Perturbative QCD is less accurate to the point of becoming invalid at low energies, because the more precisely non-perturbative QCD effects that it ignores for mathematical expediency become significant at low energies and in circumstances like conversions from MS bar mass to pole mass. The math is too hard to calculate the full non-perturbative QCD equations analytically (i.e. exactly using algebra and calculus), however, so to make non-perturbative QCD calculations we have to make a discrete approximation to these continuous equations and work out a numerical approximation of the results using methods known as "lattice QCD."

Theoretically, the "pole mass" which is the rest mass of a free quark of a particular type at an energy scale equal to its mass, is the most "natural" definition of the quark mass and is important in some kinds of calculations. The normal definition of the masses of the leptons (electrons, muons, taus, and corresponding neutrinos) is equivalent to the pole mass.

But, pole mass can't be measured directly for any kind of quark other than a top quark, as all other kinds of quarks are found only found in hadrons (e.g. protons, neutrons, pions and kaons), rather than in a free state.

For these quarks, it is easier to use another mass definition, the most popular of which is the MS bar definition.

MS bar masses at an energy scale equal to MS bar mass are of the same order of magnitude as pole masses, and in principle can be converted according to an exact formula (which involves the sum of terms in an infinite series). MS bar masses are defined in a way that is always less than the pole mass for heavy quarks.

Pole Masses v. MS bar Masses for Heavy Quarks

In the case of the top quark, the conversion formula is very precise, converges rapidly, and has an uncertainty of only about one part per thousand.

The conversion formula works less well for the bottom quark (a.k.a. beauty quark), converging slowly and providing less precision, and works even less well for the charm quark where the formula diverges almost immediately. 

The first few terms of the formula are as follows, assuming a strong force coupling constant at the Z boson mass energy scale of the global average value of 0.118:

mt pole = (mt MS bar)(1 + 0.046 + 0.010 + 0.003 + 0.001 + · · ·)
mb pole= (mb MS bar)(1 + 0.096 + 0.048 + 0.035 + 0.033 + · · ·)
mc pole= (mc MS bar)(1 + 0.16 + 0.16 + 0.22 + 0.39 + · · ·)

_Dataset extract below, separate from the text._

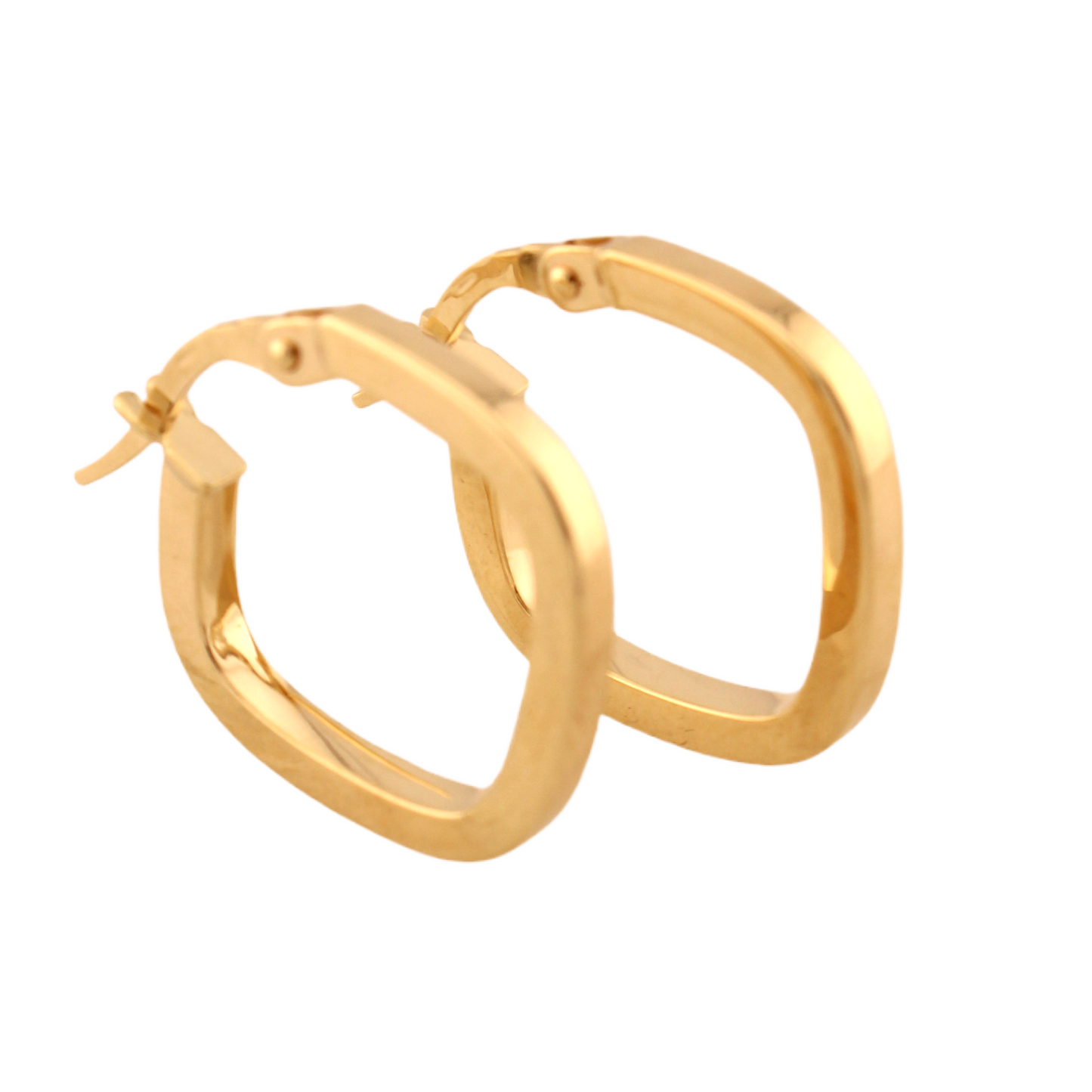 Fancy Hoops Earrings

Basically, the conversion for MS bar mass to pole mass introduces an uncertainty of hundreds of MeVs to the mass of the bottom and charm quarks (whose masses are about 4,200 MeV and 1,275 MeV respectively).

The good news noted in the paper discussed below, is that for processes with only virtual bottom and charm quarks, the more precisely determinable MS bar mass can be used, making the calculation of PDFs (parton distribution functions) which tell you what particles come out of a smashed hadron (often including particles other than the valence quarks of the hadron, for example, causing charm quarks to be emitted from a proton or neutron which has only up or down quarks as valence quarks) more accurate when this is possible.

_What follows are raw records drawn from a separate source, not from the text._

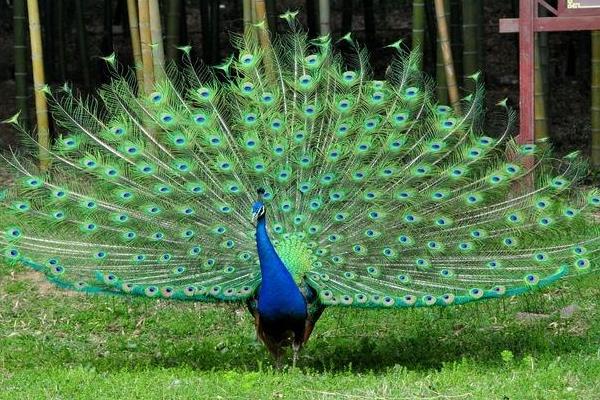 孔雀肉市场价一斤多少,哪里有卖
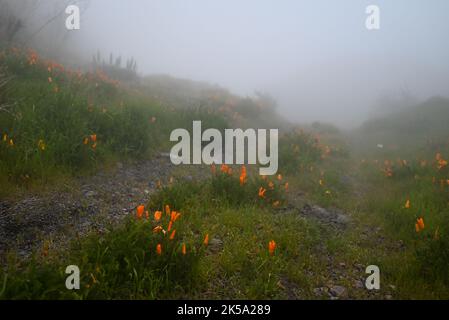 Orangefarbene Blüten von kalifornischem Mohn auf einem felsigen Weg im Nebel Stockfoto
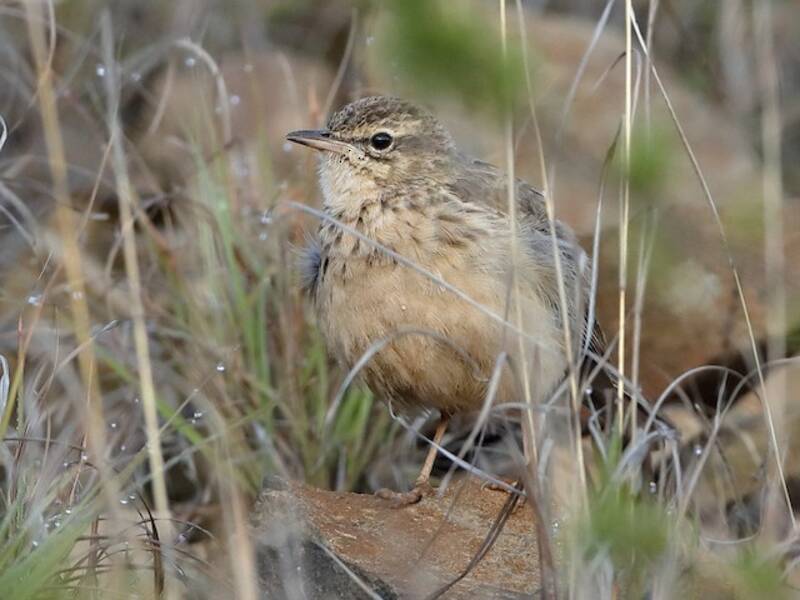 Nicholson's Pipit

The bad news is that if the process has an end state that includes bottom and/or charm quarks, there is no escaping the need to use the pole mass and the accuracy of the calculations cannot be improved by using the more precisely known MS bar mass.

The Paper

This is explained in Richard D. Ball, "Charm Production: Pole Mass or Running Mass" (December 12, 2016), and the abstract of the paper is shoddy to the point of being misleading, but the body of the paper tells the story well enough.

The introduction of the paper explains that:
Inclusive processes involving massive quarks are an important ingredient of LHC physics, not least because of their role in determining PDFs. Uncertainties in heavy quark masses can lead to substantial contributions to PDF uncertainties, and thus to uncertainties in predictions for LHC crosssections for a wide range of processes. 
Perturbative coefficient functions can be renormalized to depend on either the pole mass m or the MS running mass m(µ). The perturbative relation between them is now known to four loops, and for top the choice is essentially immaterial. However for charm and beauty nonperturbative corrections are more substantial, and while the MS charm and beauty masses can be determined rather precisely (to a few tens of MeV) through nonperturbative lattice or sum rule calculations, their pole masses are subject to large uncertainties (a few hundreds of MeV). 
Global PDF fits traditionally use pole masses. This is because the experimental observables used in the fits are generally inclusive, to avoid large uncertainties from final state effects. Heavy quarks in the final state are dealt with in the perturbative calculations by putting them on-shell: hadronisation corrections are then of relative order Λ/m, and thus power suppressed. The on-shell condition naturally leads to the mass dependence from heavy quarks in the final state being expressed in terms of the pole mass. In this short note, we will re-examine the possible use of the MS running mass in PDF determinations, and consider other ways in which uncertainties due to charm mass dependence might be reduced at LHC.
The conclusion of the paper explains that:
We have shown that, while for processes with only internal charm quark lines (such as processes with no charm in the final state, or semi-inclusive processes) it is straightforward to calculate using either pole mass or running mass in the hard cross-section, for inclusive processes with charm in the final state there no advantage to using the running mass, since the kinematics produces a nontrivial dependence on the pole mass which cannot be avoided without spoiling the factorized perturbative expansion. It follows that any empirical determination of the charm quark mass from inclusive charm production data has an intrinsic limitation due to nonperturbative corrections of a few hundred MeV. It is easy to see that these considerations generalise straightforwardly to inclusive hadronic processes such as W c or Z c-anti-c  production, and indeed to inclusive beauty production, though here the effect will be less significant.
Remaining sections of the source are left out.